INTERVIEW. Daniel Borgman's second feature "Loving Pia" stars and is based on the life of a 60-year-old disabled woman. Everything about the film is complex, problematic and coincidental, says the director, and that's the way he prefers it. Berlinale Forum 2017

Director Daniel Borgman was tired of scriptwriting, of making films by the book and of "grand ideas." So for his second feature film, "Loving Pia," he made an experiment: to find a real person and make a fiction film based on her life and feelings.

I'm tired of grand ideas, and I don't like simple answers. I'm excited about all the other stuff that's not clear: being in that cloud of not knowing anything.

The result is "Loving Pia," an intimate character study of 60-year-old Pia who is intellectually disabled and lives in the care of her mother, 84-year-old Guittou, in rural Denmark. When mother and daughter discuss what will happen to Pia when Guittou dies, Pia gets scared of being left alone and decides that she needs a boyfriend, which she never had.

"I've always made films about outsiders," says the New Zealand-born director who has been living in Denmark since 2005 and graduated from the alternative film school Super16 in 2012.

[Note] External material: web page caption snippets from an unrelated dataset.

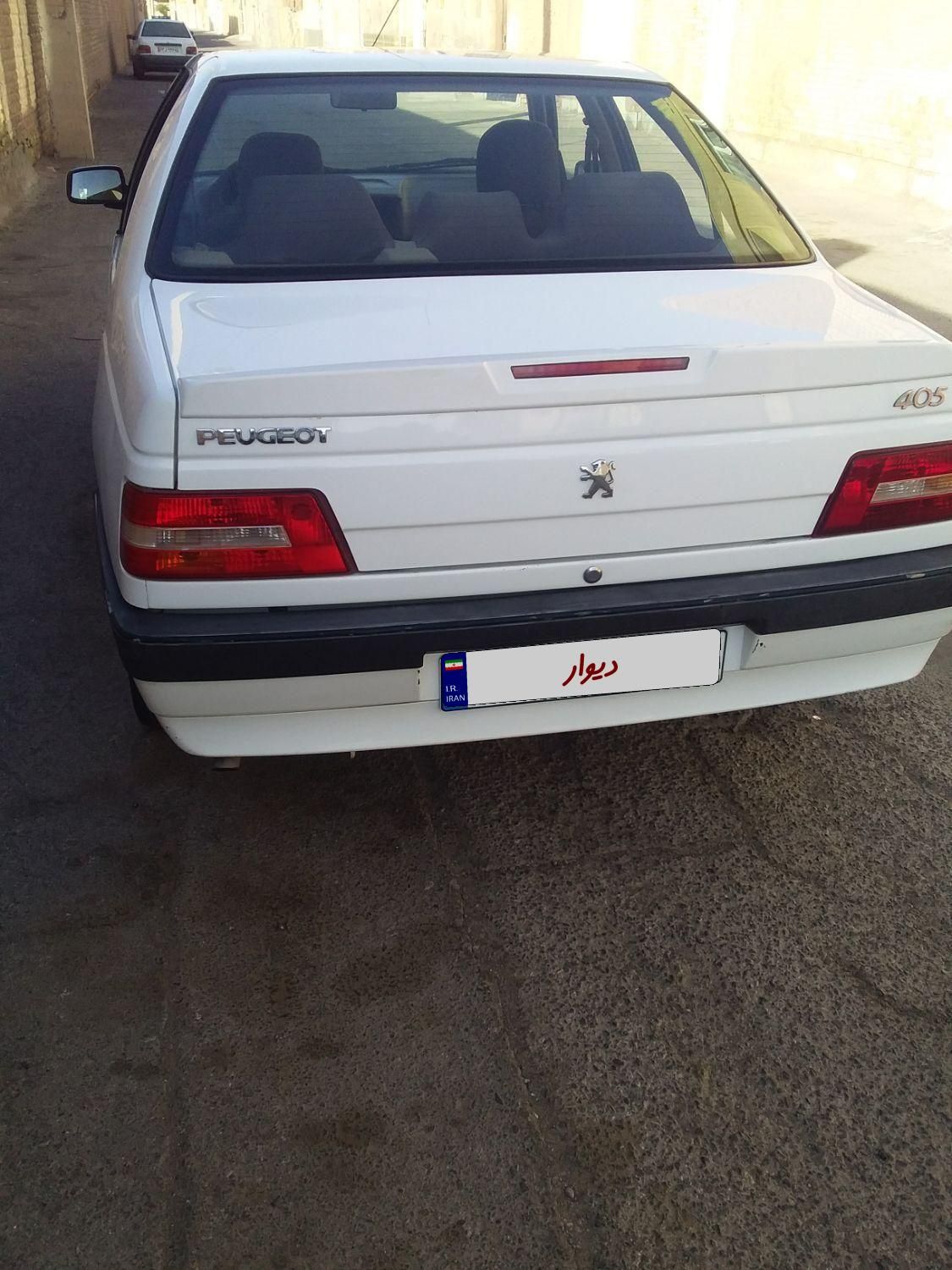 خودرو پژو، 405 SLX آگهی ann_18352002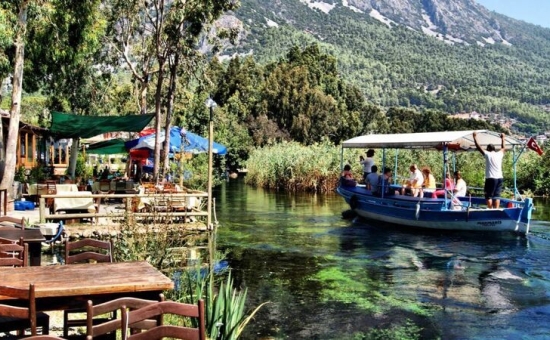 KONAKLAMALI DATÇA BADEM FESTİVALİ TURU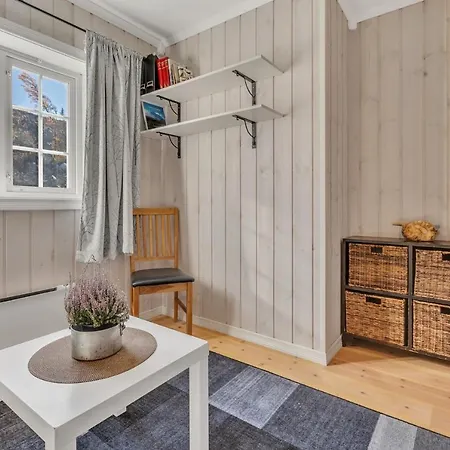 Gaustablikk Apartamento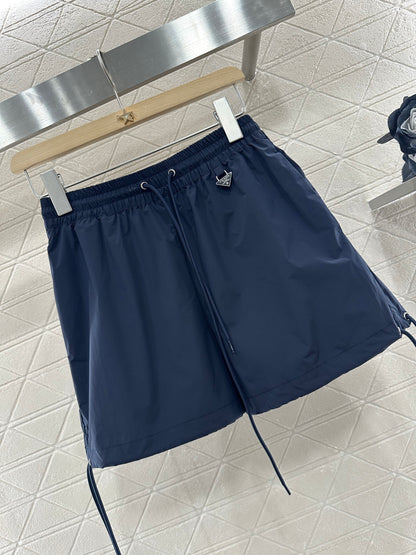 P*♥2025 new products Drawstring shorts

"Lars and Peter," selected for the 2009 Cannes short film competition, is about a 9-year-old boy who has lost his mother. "Berik," winner of the 2010 Critics' Week Grand Prix, centres on a man in Kazaktstan who is blind and deformed due to radiation poisoning. And Borgman's feature debut "The Weight of Elephants," selected for Berlinale Forum in 2013, follows a lonely boy living in an isolated area of New Zealand.

"There's something about the able worldview that I don't like," says Borgman. "Or any kind of dominant perspective really. It pre-supposes a predefined way of seeing things and of communicating, and I think it's very limiting and narrow."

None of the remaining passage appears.